It's incredible. After 10 years of marriage and after one five-year-old child, hubby and me are still together. I mean, living with someone is really not that easy... and raising a child together is another feat on its own. So, what went right? Or rather, what is the secret for a lasting relationship? Along with the romantic tide of Valentine's Day this month, let me share with you - from my own experiences - what marriage actually feels like and what makes couples stay in love and stay together.
First up, let me answer this question: What is marriage like?
First up, let me answer this question: What is marriage like?
Marriage is like a boat.
Cracks are inevitable but
They should be mended soon.
Otherwise, the boat will sink.
Your hearts must beat as one and
You'll be able to weather all storms*
Looking back, our decade of marriage began with loads of passionate love and laughter - residual components from the earlier dating period. Then, things began to stabilise and rather routinised: we moved in together into our spanking-new first marital home, gotten used to each others' little habits, and went through daily bouts of quarrels and happiness happening one after another in a random cycle.
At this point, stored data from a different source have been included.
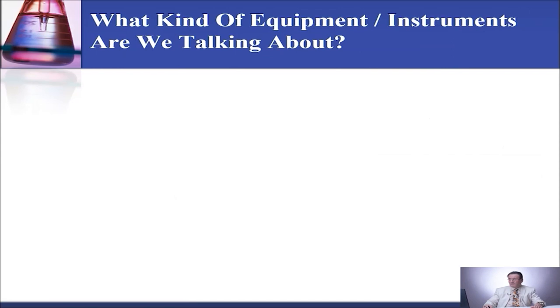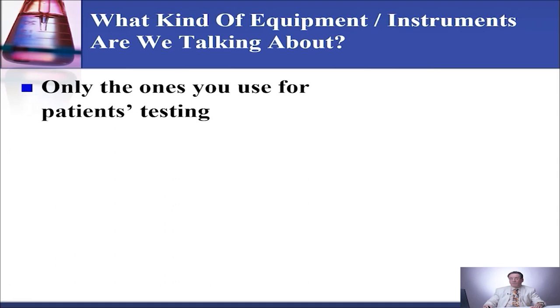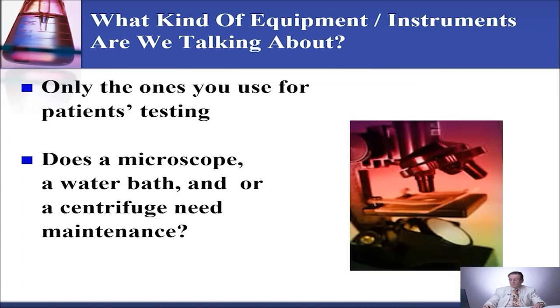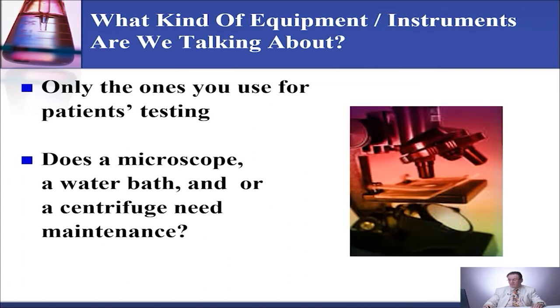So what kind of equipment or instrument are we talking about when we are talking about maintenance? Only the ones you are using for patient testing. So if an instrument is being validated or you are using it for research, you don't need to worry about recording the maintenance for that unless you want to. Does a microscope, a water bath, or centrifuge need maintenance? Yes, they do, if you are using them for patient testing.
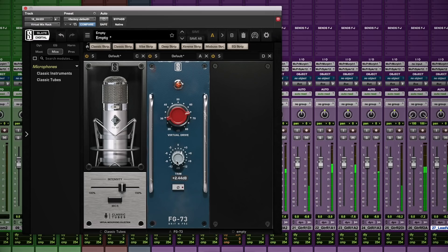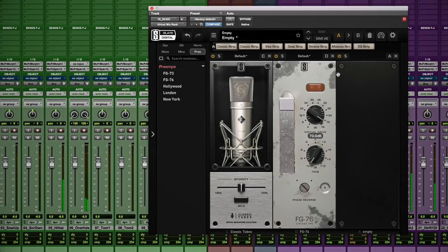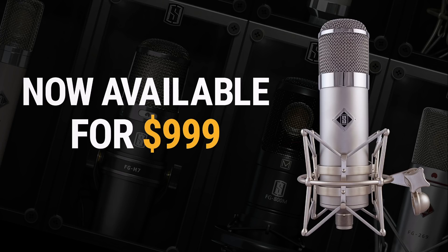The ML1 Vintage comes with the classic tubes module that recreates the sound of over $100,000 worth of famous tube microphones and preamps. Vintage looks, the classic sounds of the industry's top mics, all for under $1,000. Call your Slate dealer to get yours today.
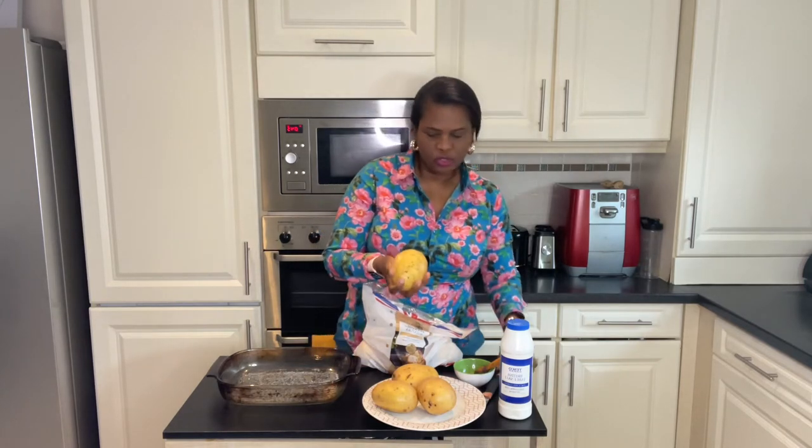I've selected large ones. Depending on the size you select, it's one hour to bake large potatoes and 40 to 50 minutes for medium sized potatoes. Once you've washed your potatoes, use a knife to create some incisions.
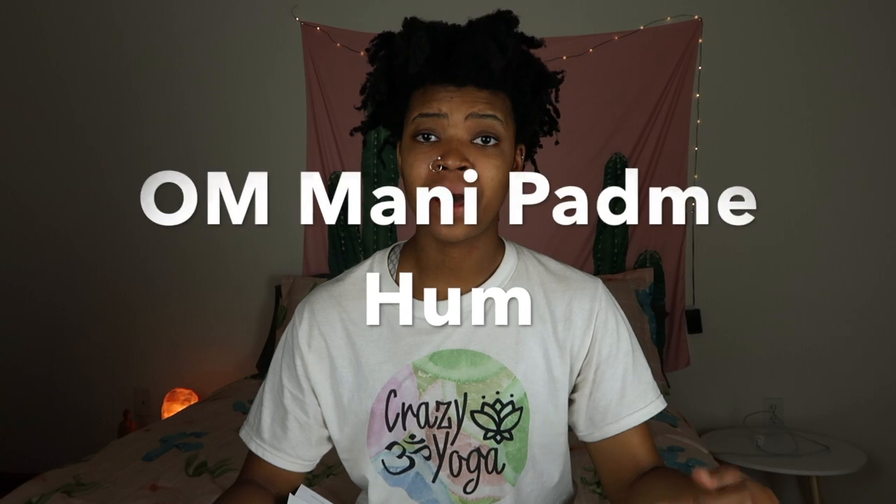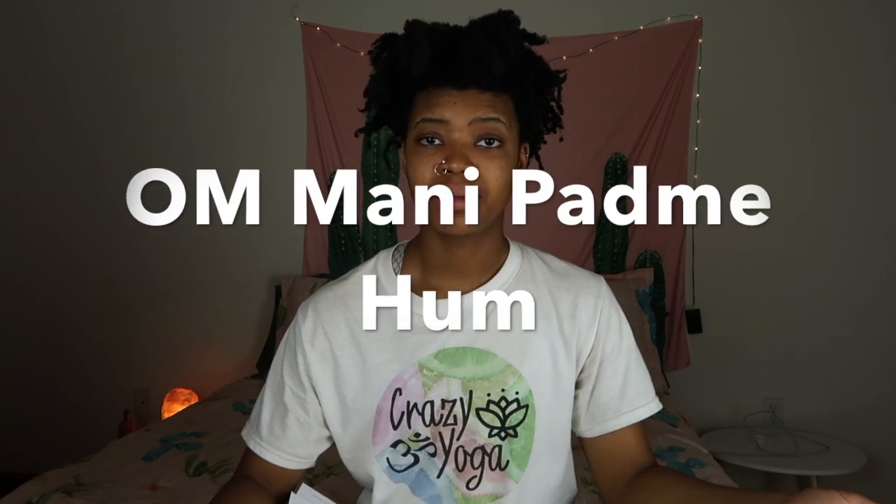Another common mantra is 'Om Mani Padme Hum.' The definition is: 'May the jewel of the lotus of the heart shine brightly, connecting us all in light and love.' That one really touches your heart — knowing that we are all connected and we're all going to grow into something magnificent.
Years passed quickly and later, we sort of started to concentrate on other aspects of our lives - career, self-improvement, solitary pursuits, further studies, or kids - that was when I weirdly feel that the queen size bed seems to get smaller. And our conversations became lesser - except when we're talking about our child. In fact, a few discussions/attempts on divorcing took place.
But, thankfully, in the end, we decided to work together to save our marriage. Trust me, even old couples who'd been married for 50 years would have had quarrelled or talked about divorce - do not think that there are actually marriages that are problem-free. Couples that stay together are couples that are willing to work things out together.
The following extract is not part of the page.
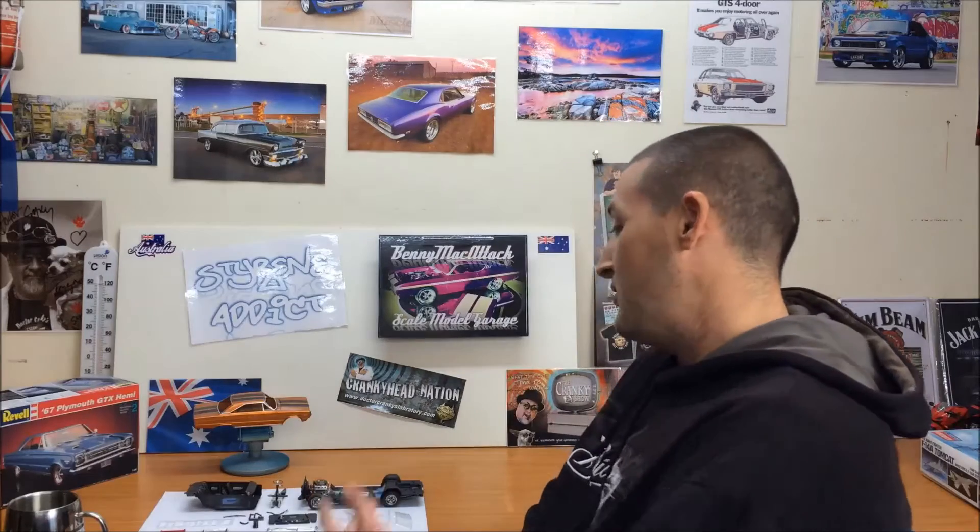Anyway, I spent about two and a half, three hours today just doing the bare metal foil. I'm pretty happy with how it came out in the end. So I'm going to do a progress update and probably a final update on the GTX Hemi before it's finished. Next time you see it, my friends, it will be the final video for it. So I'm going to set up on the bench and we'll have a look at what's going on.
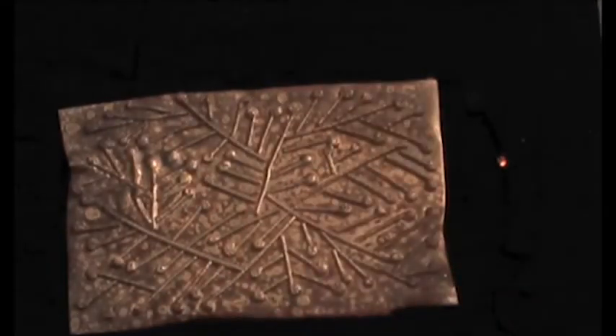To assure the piece is fused correctly, when you flip it over, you should be able to see the embossment of the pattern in the back of the metal. Let it cool down, then pickle, clean and dry the metal.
From all the events, I narrowed down to the top 5 factors that couples should have for a meaningful and blissful marriage. Specifically, they are the factors that keeps couples stay in love and stay together. I call them The Marriage Five!
Honesty: Lies begets lies, there'll be a snowball effect! So, when communicating, be genuine, open, sincere and honest. My husband needs to work on this! By my standards, not saying or avoiding saying is also lying!
Effort: Couples have to put in effort to maintain their relationship. Sometimes, it's the littlest things that matters. Make an effort to find out what makes each other happy and work from there. More effort needed on this for both of us.
Respect: Respect each other as an individual and as much as you think you yourself deserve. Everyone needs their own time and space once in a while. We're doing quite ok on this.
Patience: Practice tolerance towards each other. Squeeze out every ounce of patience if that's what it takes. Take a step back or time out, if needed. Remember, nobody is perfect. So, I can guarantee this: The person you marry is NOT Mrs. or Mr. Perfect! I'm struggling on this because I think I have zero patience! Will work harder.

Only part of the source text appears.